En segundo lugar, la característica medular del momento actual es la fragmentación del electorado. En principio, hoy todos los partidos pueden ganar pues, en contraste con el pasado, el electorado ya no tiene lealtades permanentes. En adición a ello, la aparición de los independientes -uno o muchos- como candidatos a la presidencia sin partido, agrega tanto a la dispersión del voto como a su fragmentación. Tengo certeza que ninguno de los potenciales candidatos independientes puede ganar, pero todos compiten por el mismo segmento del electorado, típicamente las clases medias urbanas, justo la población que AMLO requiere para ganar más allá de su base dura en el centro del país y algunas otras localidades como Guerrero y Michoacán. Es decir, casi cada voto que va a un independiente es un voto menos para AMLO.

A lo anterior se agrega el PRD o, por lo menos, Miguel Ángel Mancera, que por más que esté tratando de construir una coalición multicolor, la medida de su éxito residiría en darle viabilidad al PRD más que ganar la presidencia. Esa candidatura divide al voto de la izquierda.

La consecuencia de todo esto es que el próximo presidente probablemente será electo con menos de 30% del voto.

En tercer lugar, con un umbral de triunfo tan bajo, la pregunta crucial es cómo votarán los priistas pues, a pesar de su impopularidad, siguen comandando el mayor voto duro del país. Algunos colocan ese voto duro en alrededor del 26% del electorado, cifra no muy distante de la necesaria para ganar la elección. Sin embargo, como se pudo observar en 2006, los priistas no votan de manera automática y garantizada: Roberto Madrazo apenas logró poco más de la mitad del voto duro de su partido en aquel momento.

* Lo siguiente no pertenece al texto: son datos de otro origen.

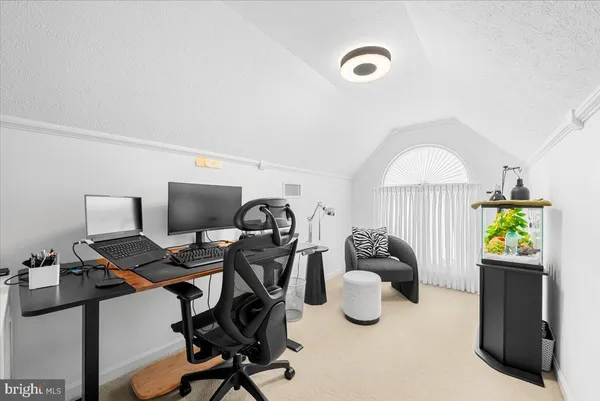 a view of a park with large trees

Por lo tanto, mi lectura de la realidad política del momento me dice que el PRI podría ganar la elección si postula a un candidato capaz de llevar al 100% de su militancia el día de la elección. Me parece que sólo hay dos o tres priistas que podrían lograr esa faena. Así, de ser correcto mi análisis, la elección está en manos del PRI y no de AMLO. Todo dependerá del candidato que sea postulado y su capacidad para lograr que todos los priistas asistan el día de los comicios.